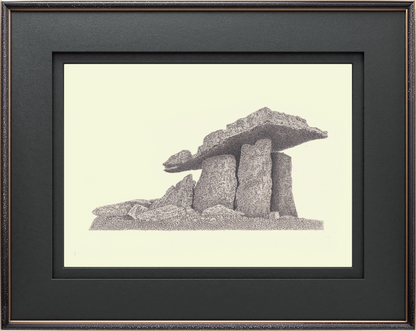 Poulnabrone Dolmen - Print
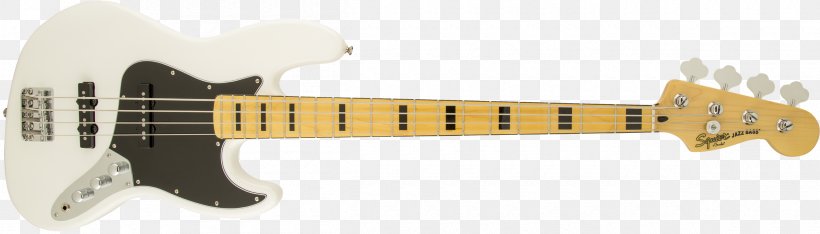 Fender Precision Bass Fender Jazz Bass V Squier Vintage Modified '70s Jazz Electric Bass Bass Guitar, PNG, 2400x685px, Watercolor, Cartoon, Flower, Frame, Heart Download Free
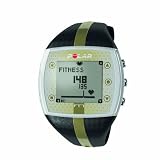 PolarFT7Women'sHeartRateMonitorWatch(Black/Gold)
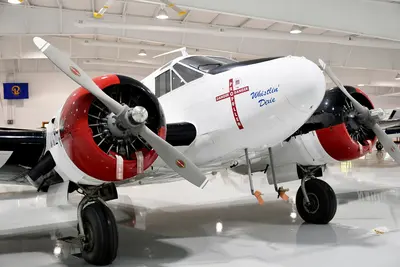 Beechcraft Twin Beech C, near Tullahoma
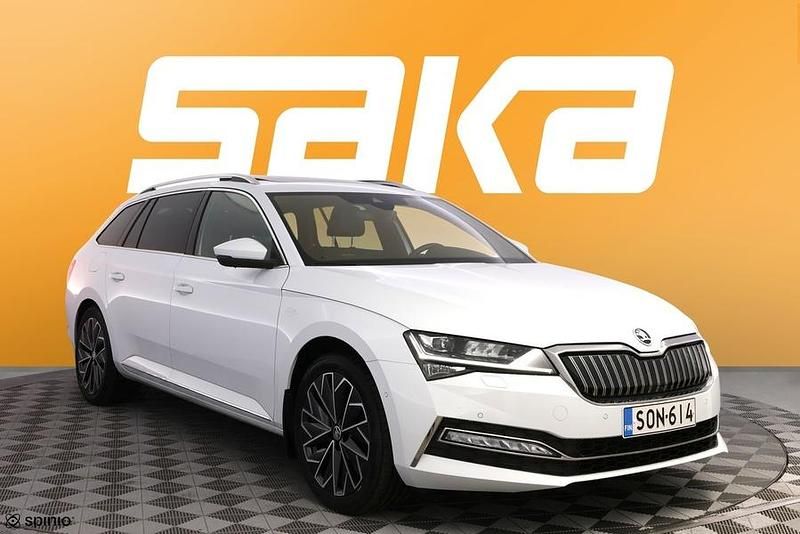 Käytetty 2021 Skoda Superb LAURIN & KLEMENT Farmari | 29 500 € (Hieman kallis) - Kuva 1/3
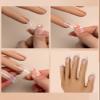 200 Replacement Nail Tips for Yokilly Practice Hand with Box view 4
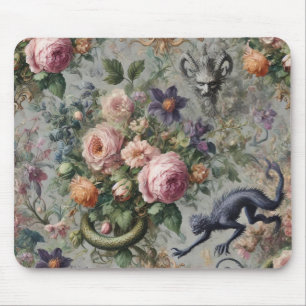 Tapis De Souris Lavande en voie de disparition Lycan - Gothique vi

(TASK)
Leave the pictures aside and print exactly, and only, the lines from the one with "200 Replacement Nail" through the end of the data, both included.

(WRITTEN ANSWER)
 200 Replacement Nail Tips for Yokilly Practice Hand with Box view 4
 Tapis De Souris Lavande en voie de disparition Lycan - Gothique vi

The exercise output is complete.